But that’s not all. No, that is not all. Apparently, the apartment
we are in has really old wiring or something such that it can’t
deliver all that much power. It turns out that having both machines
on at once is a fire hazard. No fire was actually started, but let’s
just say that one of the outlets (that nothing happens to be plugged
into, suprisingly enough) needed to be replaced and the electrician
did some line tests and told us we could only use one of the computers
at a time. Well, we might be able to use two, but then we couldn’t
use the air-conditioner that’s on the other circuit breaker. And the
landlord doesn’t want extension cords running all across the apartment
in an attempt to split up the load (“fire hazards” or something like
that plus some other lame excuses), and I probably wouldn’t want a
bunch of extension cords going into the kids room either (that’s the
only other room we could conceivably run an extension cord to and
considering where the outlets are and that I have an almost 1 year old
and a 3 year old, I don’t think it would work well).

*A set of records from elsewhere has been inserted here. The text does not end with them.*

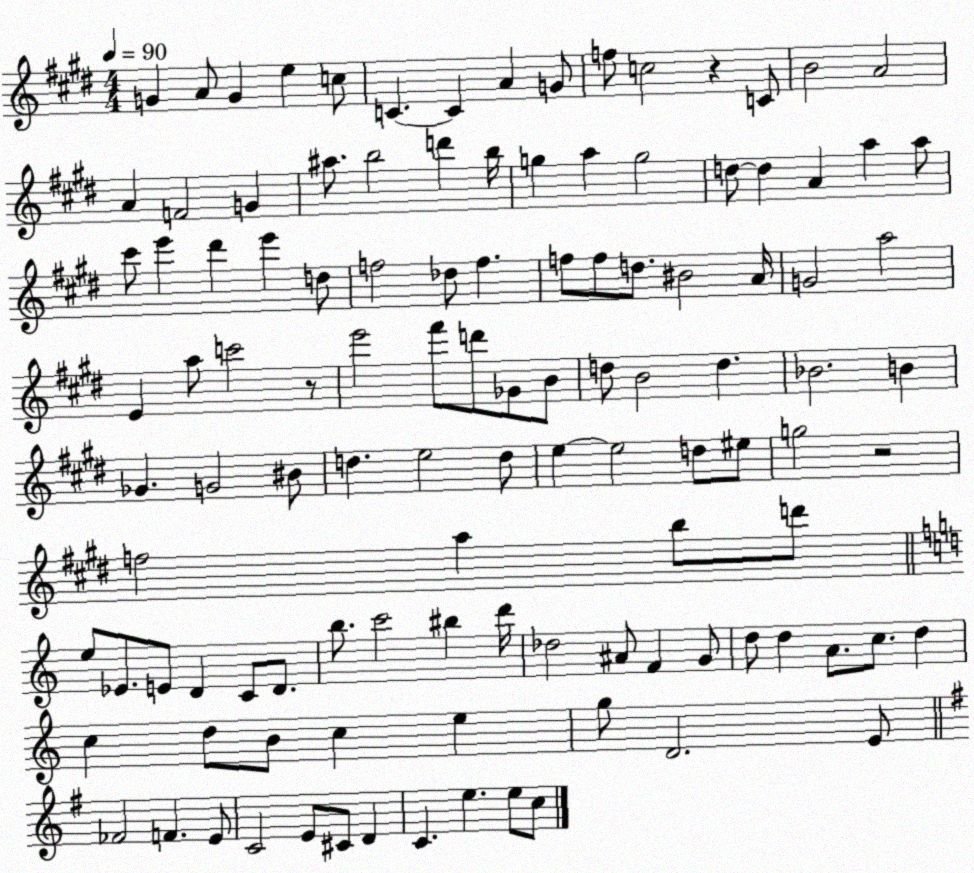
X:1
T:Untitled
M:4/4
L:1/4
K:E
G A/2 G e c/2 C C A G/2 f/2 c2 z C/2 B2 A2 A F2 G ^a/2 b2 d' b/4 g a g2 d/2 d A a a/2 ^c'/2 e' ^d' e' d/2 f2 _d/2 f f/2 f/2 d/2 ^B2 A/4 G2 a2 E a/2 c'2 z/2 e'2 ^f'/2 d'/2 _G/2 B/2 d/2 B2 d _B2 B _G G2 ^B/2 d e2 d/2 e e2 d/2 ^e/2 g2 z2 f2 a b/2 d'/2 e/2 _E/2 E/2 D C/2 D/2 b/2 c'2 ^b d'/4 _d2 ^A/2 F G/2 d/2 d A/2 c/2 d c d/2 B/2 c e g/2 D2 E/2 _F2 F E/2 C2 E/2 ^C/2 D C e e/2 c/2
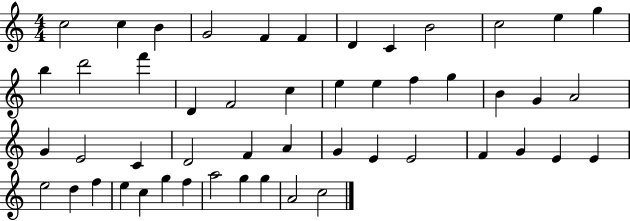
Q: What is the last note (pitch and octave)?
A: C5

Then, when a little bit of time starts freeing up, I get
labyrinthitis. My case isn’t as bad as others, or so I assume from
what I have read in my googling on the ailment, but it still makes it
extremely difficult to get anything done (I’ve had to split up writing
this blog entry into three separate efforts over two days now).
Naturally, this puts me somewhat behind on everything, and it may be a
while before I have some free time again. I really hope this
dizziness/headache doesn’t last much longer so I don’t lose much more
time.

Anyway, if you’ve been wondering where I’ve been or why I haven’t been
as involved lately (sorry Murray, I know I promised to have fixed
those gtkmm problems in my tutorial by now), perhaps this will explain
things.

Bounties

So these Google
bounties
look rather interesting. In particular, the global
memory analysis tool
, improve
login time
, and Gnome
architecture overview
. Unfortunately, it looks like I’m
ineligible despite being a student because of the way it works (though
honestly, my fellowship’s requirements that “under normal
circumstances a fellow may not engage in work for renumeration during
the school term” and some other stuff (they attempt to explicitly
allow other work, but are trying to narrow down what kind and how much
and under what circumstances) would make it difficult to be
compatible, though I believe Novell’s bounties could fit if they
looked interesting–in part because of no necessary signup or time
period and in part because I can work on them during times other than
the “school term”). Also, it seems odd that the Bounty Contest Rules
page appears to be Novell specific and doesn’t mention the extra
requirements on the Google bounties (e.g. must be a student, must be
completed this summer, must signup by June 14th, etc)–making me
wonder if perhaps Google’s bounties might be obtainable under the same
rules as the ones for Novell, though I’m guessing it’s just an
oversight/mistake.

It seems that the global memory analysis tool bounty could be aided a
lot by
Soeren’s sysprof
and the list of memory tools
here
may provide ideas or getting started information.

But I’m really curious about the Gnome architecture overview, though.
In seems like
my guide
could qualify (assuming I hadn’t yet written it and was
otherwise eligible for the program), though they probably want
something more like the
first section of chapter 5
of my guide being fleshed out (which I
had intended to do). But that seems curious in that I think the other
two sections of that chapter would be really helpful as well for the
audience they had. It additionally seems pretty odd because
Malcolm has already written something that appears to satisfy the
bounty criteria
(though, I think Malcolm isn’t a student and thus
couldn’t qualify for the bounty…)–in fact, that was part of the
reason that chapter 5 of my guide was different; I didn’t want to
uselessly redo previous work. It really seems that this bounty is in
danger of repeating existing work…

Oh well, looks like my Gnome work continues to be for free. But, that
does have the advantage of incredible flexibility (e.g. who would make
a bounty for working on Bugzilla or on the bugsquad?) and has the
option to decrease the workload whenever I want or even drop it
temporarily when I feel overwhelmed or other matters start pressing.
🙂 And I look forward to seeing what cool stuff comes out of the
Google bounties and those who can participate.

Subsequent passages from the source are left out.